Korean Air’s Sleek New Credit Cards End Boring Airline Designs

19-May-2020 Intellasia | Forbes | 6:02 AM Print This Post

Out are boring credit card designs with random motifs and patterns. In are Korean Air’s new designs from sleek to geek: window views of a sunrise or the aurora borealis, a card resembling a boarding pass or luggage tag, and technical designs based on aircraft rivets.

Korean Air hopes looks and perks will tempt consumers to its first directly issued credit cards, giving the airline greater control and value in the lucrative mileage and card businesses.

The four cards comprise three general types and one for elite “Morning Calm” frequent flyers.

General cards are in four designs: The Pass (boarding pass with flight number KE901, Seoul to Paris), The Tag (luggage tag barcode with KE707, Seoul to Tokyo), The Craft (fuselage rivets with markings for KE017, Seoul to Los Angeles) and The Wing (flaps with KE017).
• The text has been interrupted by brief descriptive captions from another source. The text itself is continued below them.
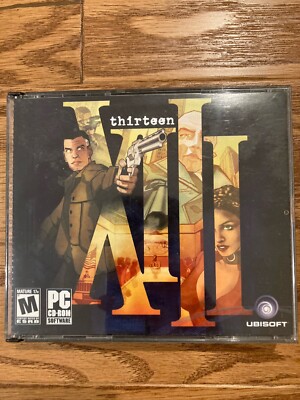XIII Thirteen PC CD-ROM Windows Computer Video Game Ubisoft 4 Discs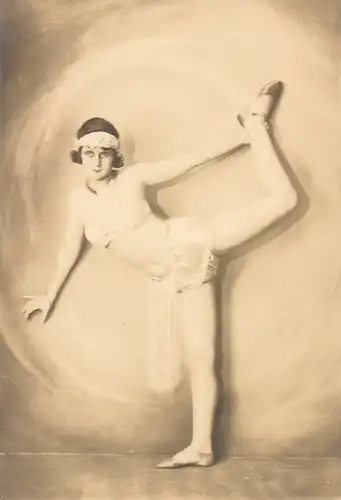 Foto Frauenportrait, Art Deco, Tänzerin, Stirnband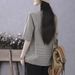 Retro-Style Mid-Length Undershirt; Lightweight Summer Top For Women; Stylish Shirt With A Hood And Loose Fit; Striped De_ecoleips.com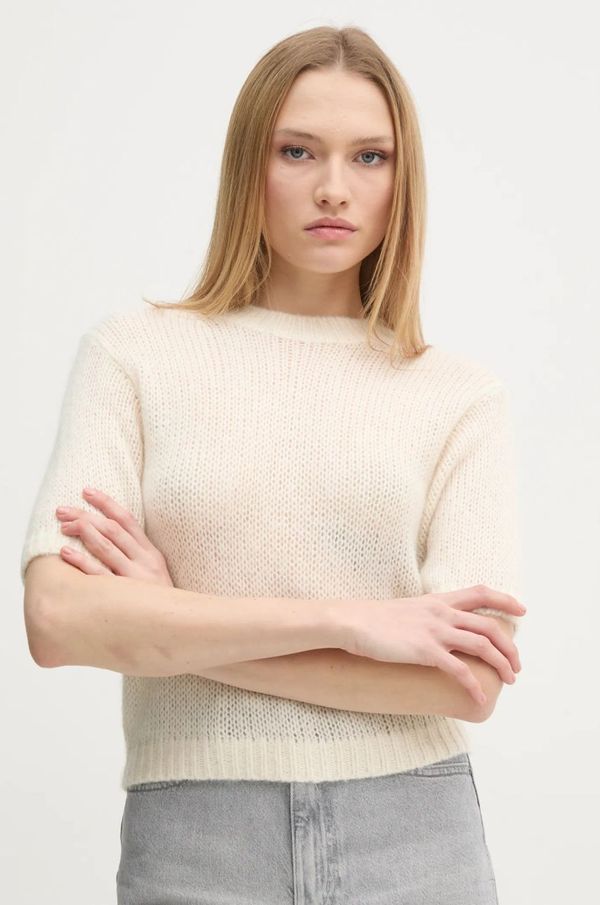 Joop! Vuneni pulover Joop! za žene, boja: bež, 30044779 10015666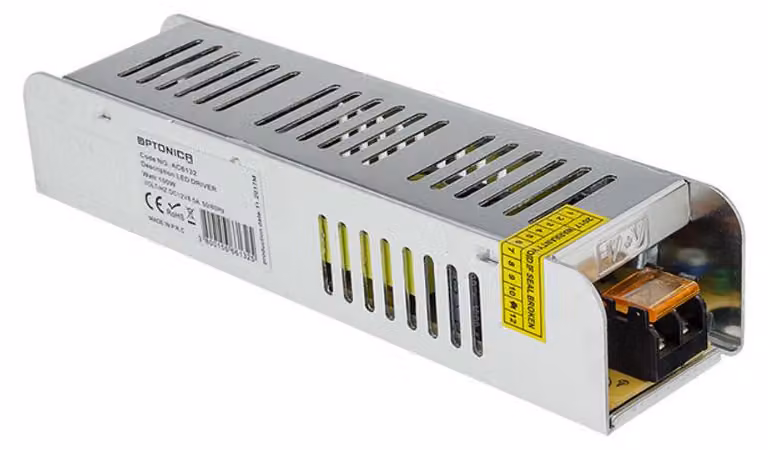 Optonica 6132 Alimentatore Slim100W 12V 8.5A per Strisce LED Interno IP20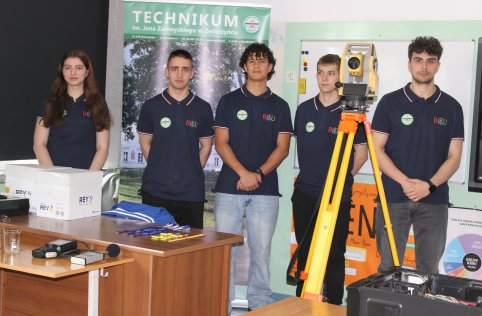 Spotkanie z uczniami Technikum w Zwierzyńcu
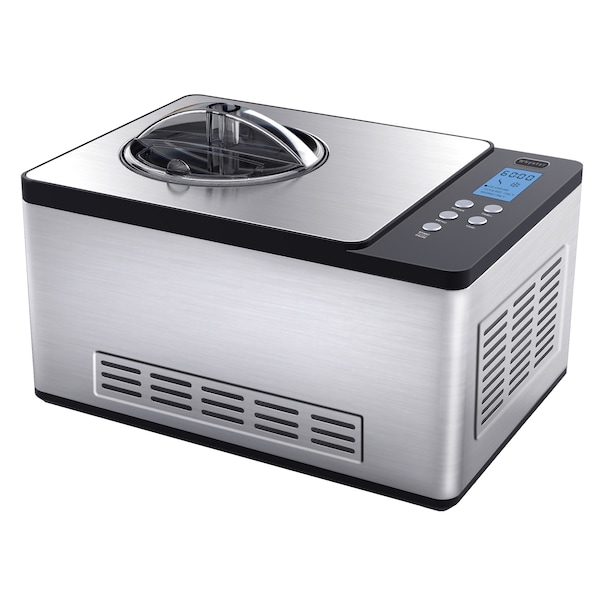 Whynter Ice Cream Maker, Stainless Steel, Overall Depth - Ice Machines: 11" - ICM-200LS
The elite card, called “The First” has two designs: Sunrise and Aurora.

Korean Air used to rely on about 10 banks issuing cards with Korean Air Skypass mileage benefits. Those loose partnerships required less work of Korean Air but also gave limited benefits.

Credit card earnings bring revenue diversification at a critical time. Korean Air does not expect a meaningful COVID-19 passenger recovery until at least autumn.

Revenue from credit card partnerships is softening the blow for Korean Air minority owner and joint-venture partner Delta Air Lines DAL.

“Our card spend has not fallen off nearly as dramatically,” Delta CEO Ed Bastian said last month in comparison to ticket revenue.

Delta reported $992 million in revenue during the first quarter related to loyalty programme marketing agreements, mostly tied to credit card spend. It has a long-term exclusive relationship with American Express AXP. Loyalty revenue has far higher margins than flying.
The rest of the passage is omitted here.